Former state Sen. Nathaniel Oaks (D-Baltimore City) on Monday petitioned a federal judge for compassionate release from his 42-month prison sentence, citing the novel coronavirus.
Oaks ―who was sentenced in July 2018 to 3 1/2 years in federal prison for taking $15,300 in bribes from an FBI undercover source in a political corruption probe ― wrote a hand-written motion for compassionate release, which he filed in U.S. District Court on Monday.
Oaks, 73, has served about 20 months of his sentence.
“He has a significant medical history that places him in the high risk category if he contracts the Covid-19 virus, that would likely lead to his death,” Oaks wrote in the pro-se petition.

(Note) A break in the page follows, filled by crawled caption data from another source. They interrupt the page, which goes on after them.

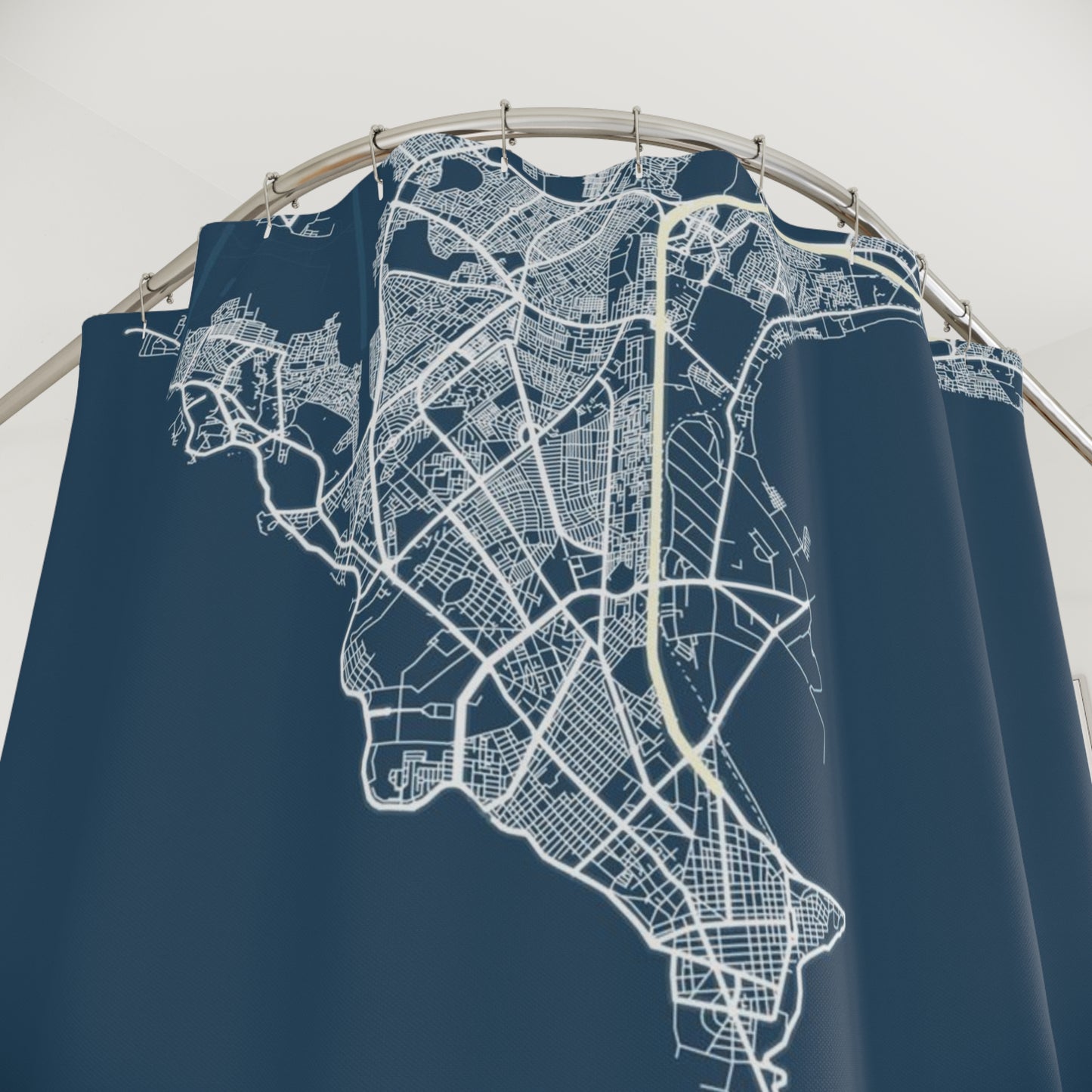 Dakar Senegal City Map Print Shower Curtain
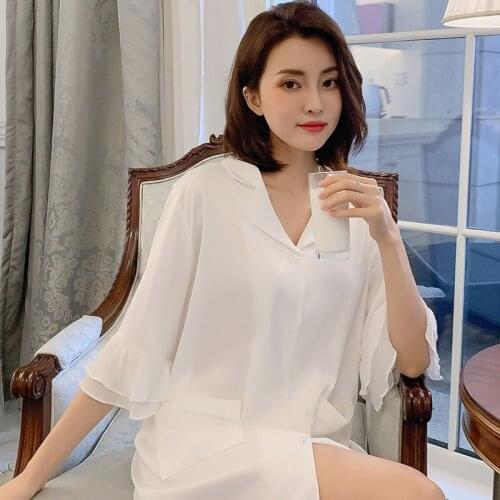 Women Turn-down Collar Casual Sleepshirts White Satin 3/4 Sleeve Nightgown With Pocket Home Dress Spring Summer New Sleepwear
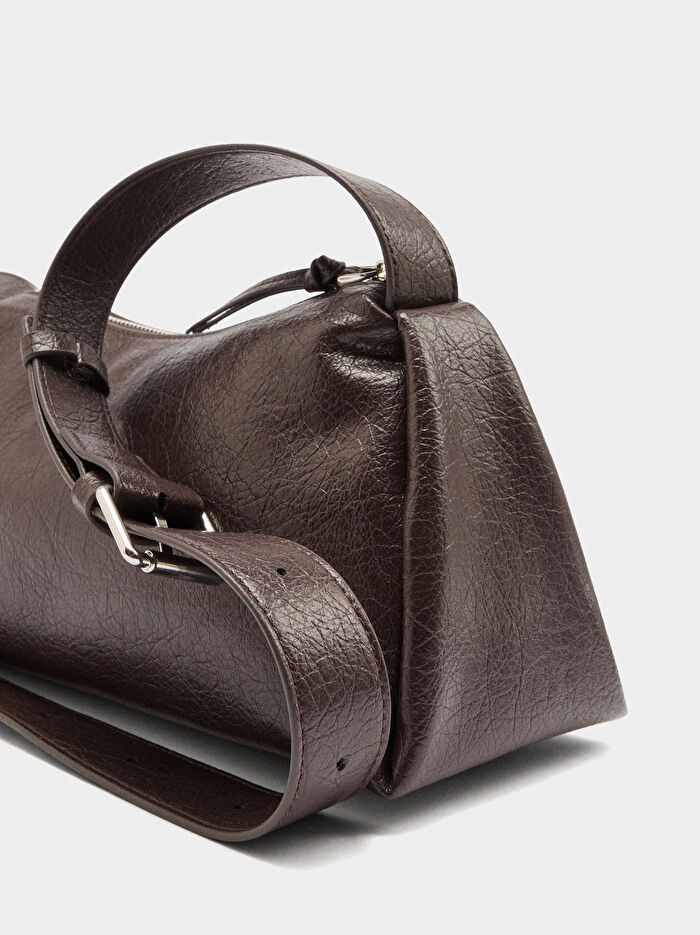 Çatlak Efektli Çapraz Askılı Çanta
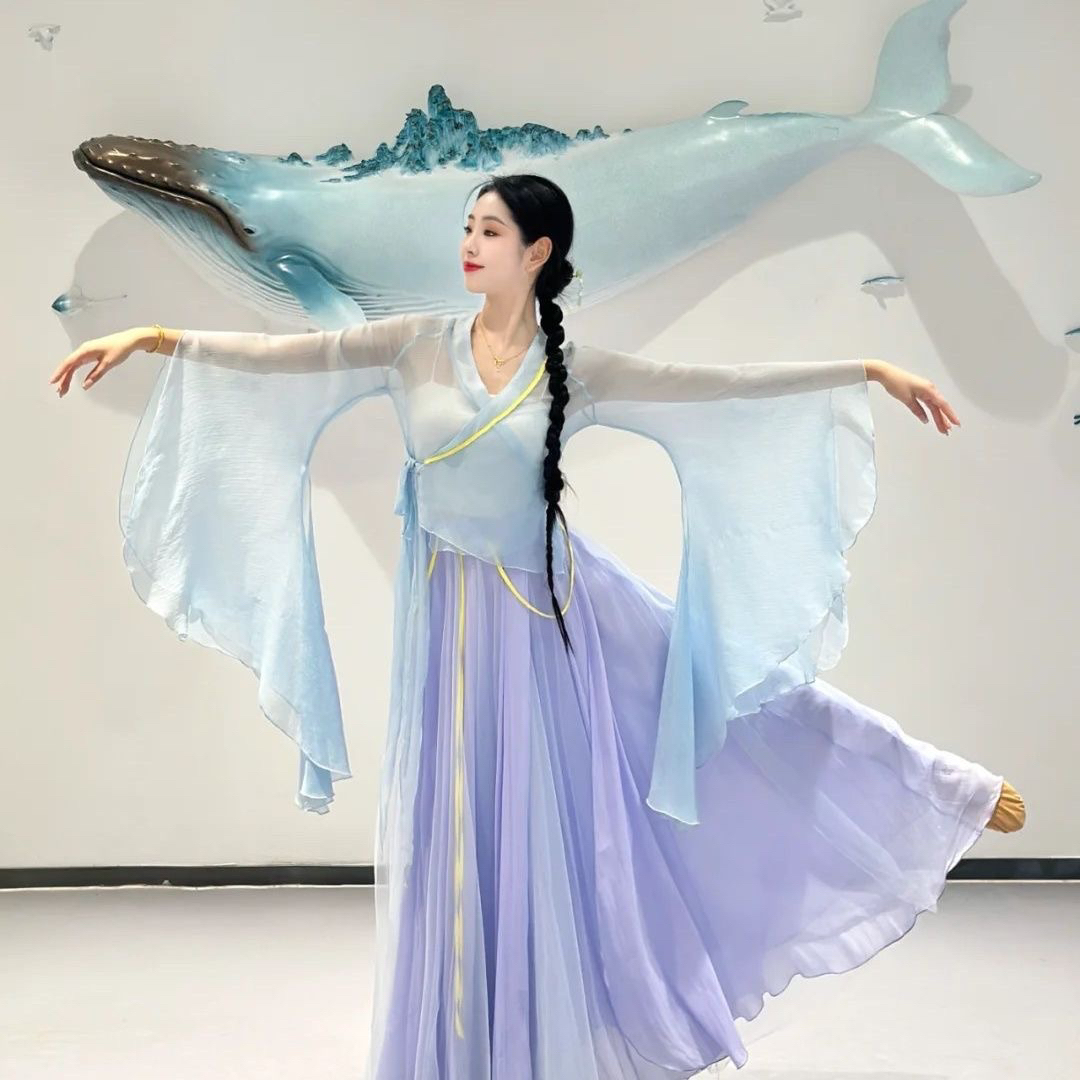 暮山紫小影儿同款蓝中带紫小兰花星月落外层720度舞蹈长裙舒适潮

The petition states that Oaks’ medical history includes asthma, diabetes, high cholesterol, respiratory conditions and blood pressure that was “out of control” in January, “causing his doctors’ great concern.”

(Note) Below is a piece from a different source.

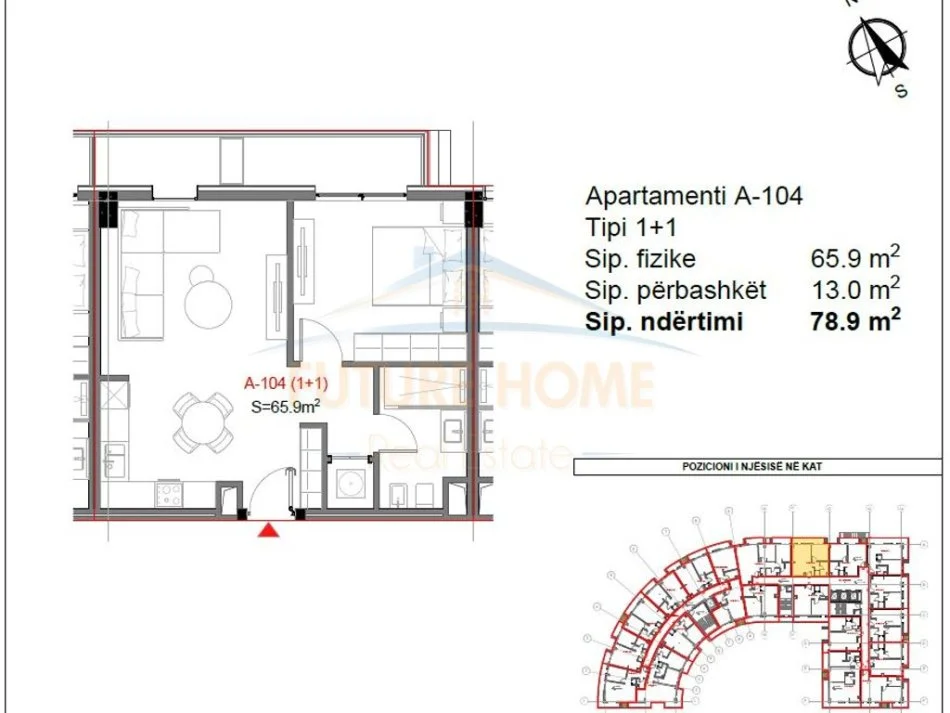 Qerret, shitet apartament 1+1 Kati 2, 79 m² 98.625 €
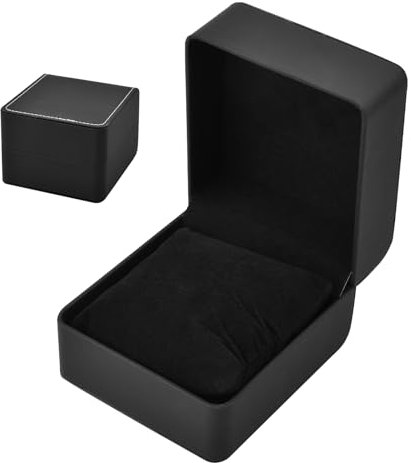 Amexo Single Grid PU Leder Uhrenbox Uhrenetui PU Leder Uhr Box Uhrenkoffer mit Abnehmbarem Kissen Uhrenkasten Uhrenschatulle Uhr Geschenkbox für Damen und Herren (Schwarz)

The court responded by instructing Oaks to file his request for compassionate release with the warden at Federal Correctional Complex Petersburg near Richmond, Va., where he is currently serving his sentence.
If released, Oaks wrote that he plans to return to Baltimore.
Oaks is not the only high-profile politician to have a court case altered by the COVID-19 pandemic.
Former Del. Cheryl Glenn (D-Baltimore City) was set to be sentenced this Friday after pleading guilty earlier this year to two federal charges stemming from a scheme in which she took $33,750 in bribes in exchange for legislation she introduced and backed in the Maryland General Assembly.
Last Thursday, U.S. District Court Judge Catherine C. Blake sent a letter to attorneys in the case, postponing the sentencing hearing. Blake cited a standing order postponing most court proceedings through June 5, and asked the attorneys to call her chambers after that date to set a new hearing.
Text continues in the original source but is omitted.